Ich wusste nicht mehr, was ich geträumt hatte. Das war an sich nichts Ungewöhnliches, denn ich konnte mich nie an meine Träume erinnern. Vielleicht war mein Leben zu ereignislos, als das ich mich im Schlaf damit auseinandersetzen musste. Diesmal musste es aber etwas Furchtbares gewesen sein. Ich wischte mir den kalten Schweiß von der Stirn und atmete tief durch, um meinen Puls zu beruhigen.
Die anderen hatten sich ebenfalls Stühle zurechtgeschoben und versuchten, zu schlafen. Gab es denn keine freien Betten im Krankenhaus? Vom Personal war niemand zu sehen. Davon, dass hier eine Notfall-Sammelstelle sein sollte, war wirklich nichts zu merken.
Dimitri und Sergej standen immer noch Wache an der Tür. In ihrer Gang waren sie die Ältesten und hatten eine Vorbildfunktion. Die mutigen Anführer, die für den Schutz der Jüngeren einstanden.
Mein Puls normalisierte sich gerade, da schwang die Tür auf der anderen Seite des Raumes auf und trieb ihn mit einem Schlag wieder in die Höhe.
Die junge Ärztin, jetzt in weißer Wintermontur, orangefarbenen Leuchtstreifen und einem roten Kreuz auf der Brust, sowie zwei Männer in der Uniform des Rettungsdienstes kamen hereingestürmt.
"Gibt es einen Notfall?" Sergej hatte die Stange an die Wand gestellt, streckte sich und lockerte seine Muskeln.
"Ein Hundebiss. Das Bein ist schwer verletzt. Ist in der Nähe passiert, sonst würden wir nicht rausgehen", antwortete ihm einer der Sanis, als er an ihm vorbei eilte.
"Könnte gefährlich werden, bei dem, was da draußen so unterwegs ist. Schläger und freilaufende Hunde. Zumindest den Hunden ist es egal, ob ihre Opfer zum Rettungsdienst gehören." Die Worte richtete Sergej an Dimitri. Der Rettungstrupp war schon außer Hörweite.
"Oder Eiszombies, denen wär das auch egal. Bei all den Bissen, nicht unwahrscheinlich, dass die heut Nacht ebenfalls ihr Unwesen treiben." Das war mein leidlicher Versuch, komisch zu sein. Aber Dimitri und Sergej starrten mich nur fragend an. Sie hatten offenbar nicht die gleichen Social-Media-Beiträge gelesen wie ich.

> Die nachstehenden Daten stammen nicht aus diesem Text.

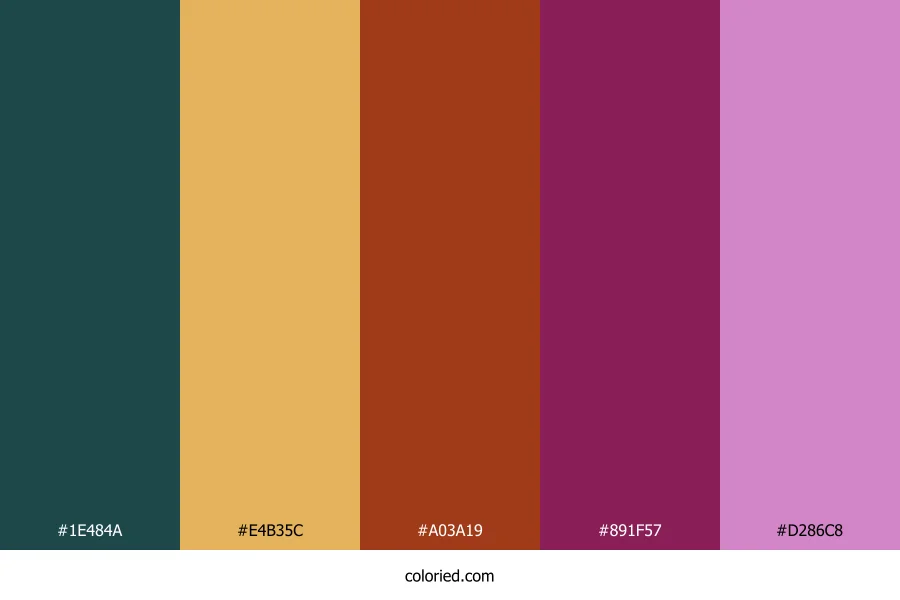 Teal Amber Crimson Color Palette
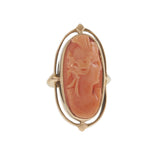 14KT Yellow Gold Oval Carved Coral Cameo Ring with Open Oval Frame
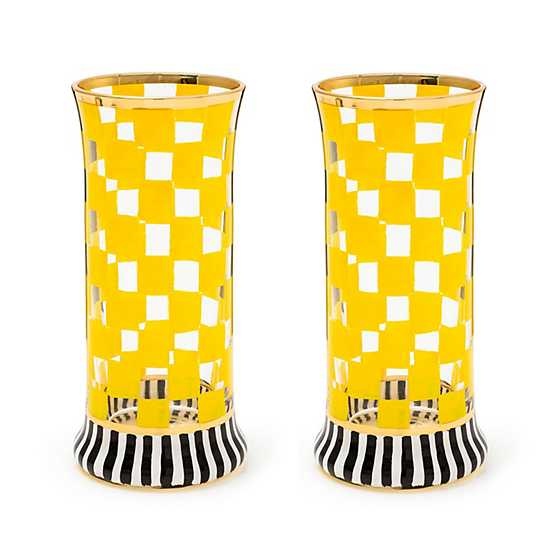 Hand-painted yellow highball glass with gold lustre embellishment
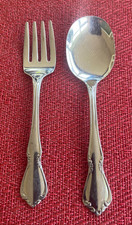 VTG 1961 Oneidacraft CHATEAU Stainless 4-1/4" Child's Spoon/Fork Set EUC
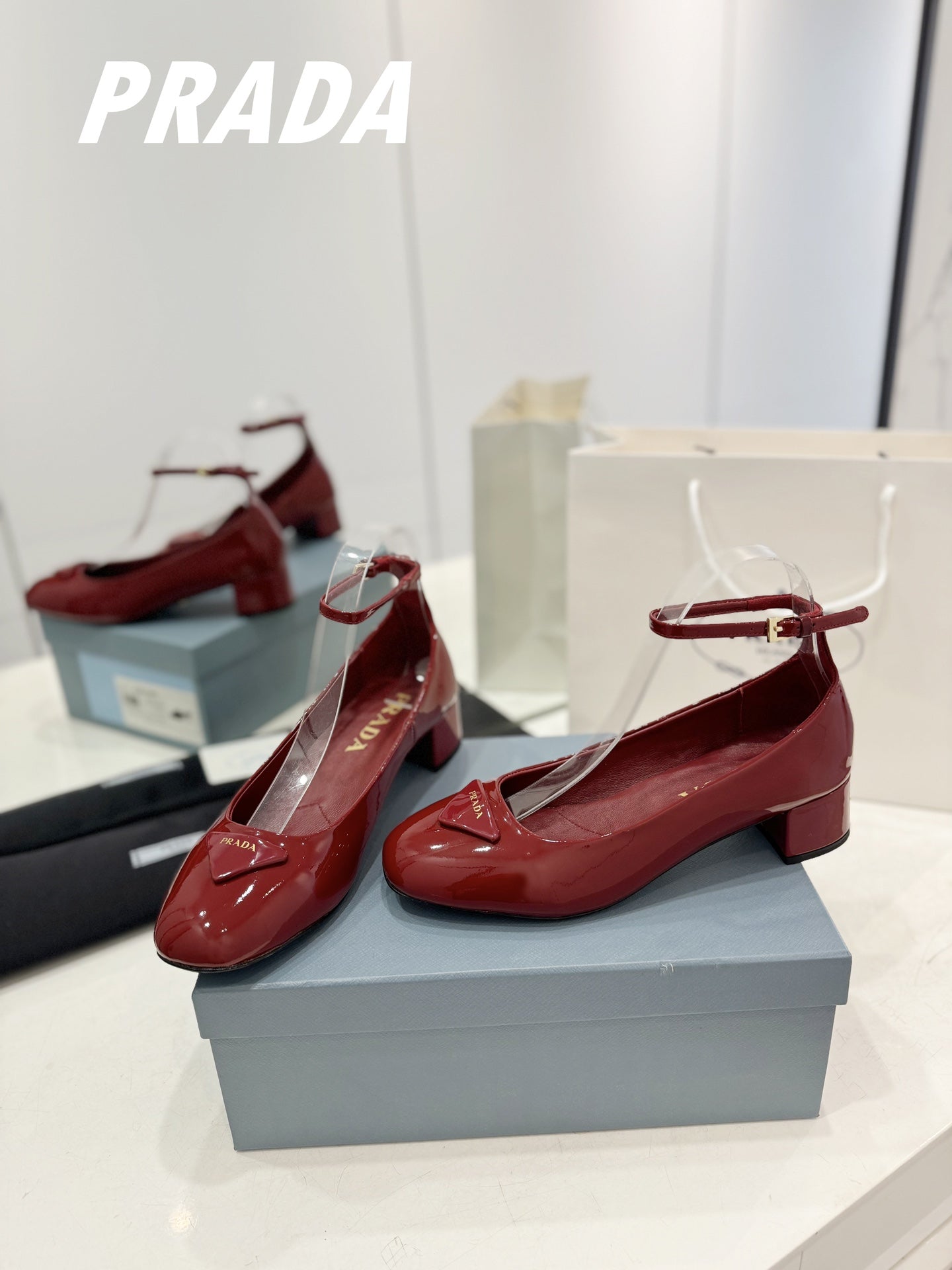 PRA NAPPA MARY JANE PUMPS JAM LAMBSKIN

"Schlimmere Eiszombies als dich kann es doch gar nicht geben." Klara gähnte. Sie war genau an der richtigen Stelle der Unterhaltung aufgewacht. Wenigstens waren wir, wenn es um Eiszombiehumor ging, auf der gleichen Wellenlänge. Ich kommentierte ihren Satz mit einem Eiszombiestöhnen.
"Wer rettet am Ende den Rettungsdienst, wenn was passiert? Jetzt wo die weg sind, ist ja nur noch die Notbesetzung hier. Wir sollten hinterher." Dimitri hatte seine Entscheidung gefällt und zog den Reißverschluss seiner Jacke zu.
Die beiden Brüder griffen sich ihre improvisierten Waffen und Sergej sah zu mir rüber. "Kommst du auch mit? Je mehr wir sind, desto weniger kann passieren."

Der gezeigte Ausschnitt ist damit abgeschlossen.